An earlier column, “Homo Politicus,” offered an explanation of why Washington does not learn from experience. (Recap: Washington elites rarely operate from observed results. Rather, they mostly emulate higher status members of their society — much as do chimpanzees and other primates.)
Calling “monkey see monkey do” on our high public officials is heresy, of course, because our political system’s legitimacy is based on claims of merit, reason, and effective service. The evidence for such qualities often is flimsy. Homo Politicus (part 1) concluded: “What besets Washington … is an ‘Obedience to Authority’ problem.” The implications are more dire than suggesting simple mediocrity.
What is an “Obedience to Authority” problem? In 1961, Yale Professor Stanley Milgram proved that, without much overt pressure, about two-thirds of normal people will shock an innocent victim to torturous, and potentially deadly, levels. All it takes is an authority figure directing them.
Alan C. Elms, a participant in the study, later a professor at UC Davis, describes the experiments in “Obedience in Retrospect:”

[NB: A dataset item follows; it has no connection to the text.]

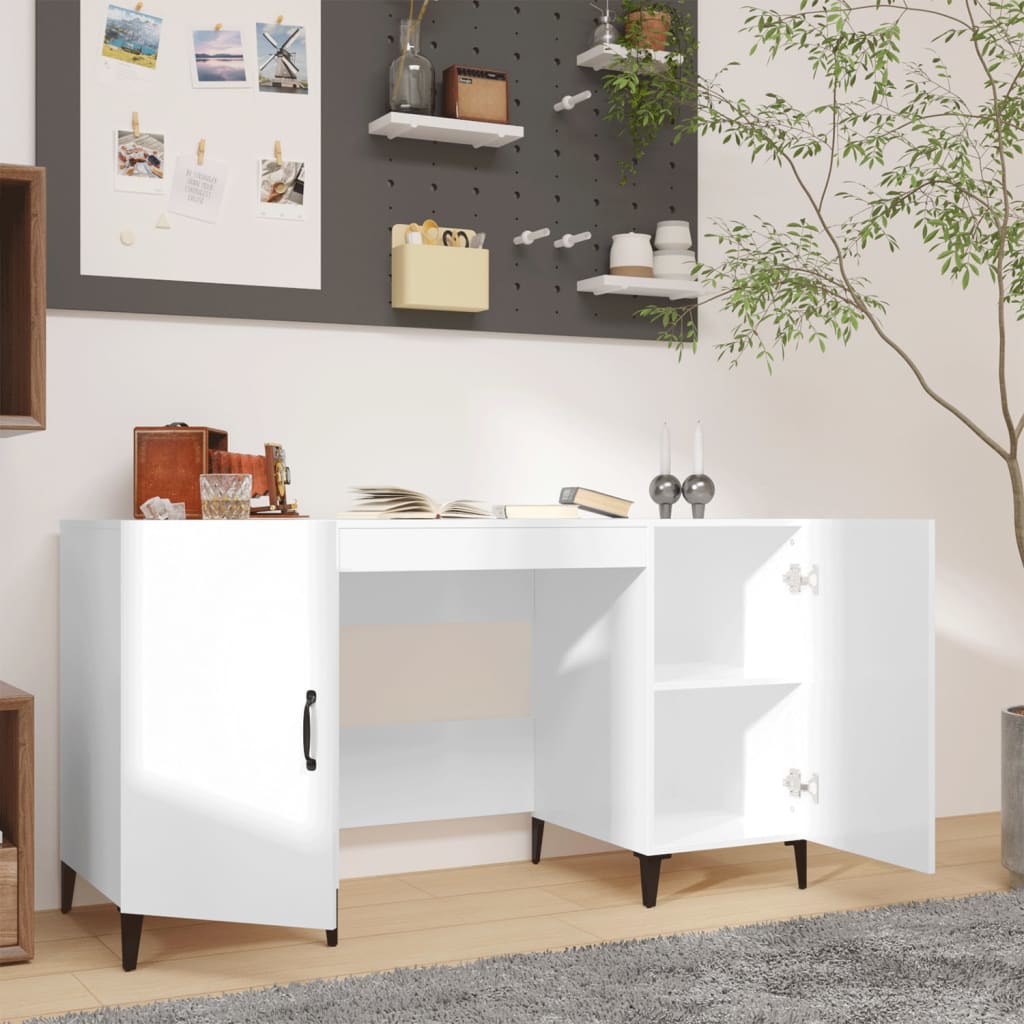 vidaXL Escritorio madera contrachapada blanco brillante 140x50x75 cm - Image 3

“By drawing slips of paper from a hat, one volunteer became the teacher. …. The teacher was given a sample 45 volt electric shock from the shock generator, a level strong enough to be distinctly unpleasant. … Soon the teacher found himself administering higher and higher shock levels, according to the experimenter’s instructions. …

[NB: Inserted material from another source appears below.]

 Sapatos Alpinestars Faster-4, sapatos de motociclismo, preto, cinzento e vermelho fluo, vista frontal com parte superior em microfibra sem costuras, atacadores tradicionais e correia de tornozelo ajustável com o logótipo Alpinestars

“…[T]he experimenter ordered the teacher to continue, and to administer stronger and stronger shocks for each failure to respond—all the way to the end of the graded series of levers, whose final labels were “Intense Shock,” “Extreme Intensity Shock,” “Danger: Severe Shock,” and “XXX,” along with voltage levels up to 450 volts. …
“[…T]wo-thirds of a sample of average Americans were willing to shock an innocent victim until the poor man was screaming for his life, and to go on shocking him well after he had lapsed into a perhaps unconscious silence, all at the command of a single experimenter with no apparent means of enforcing his orders.”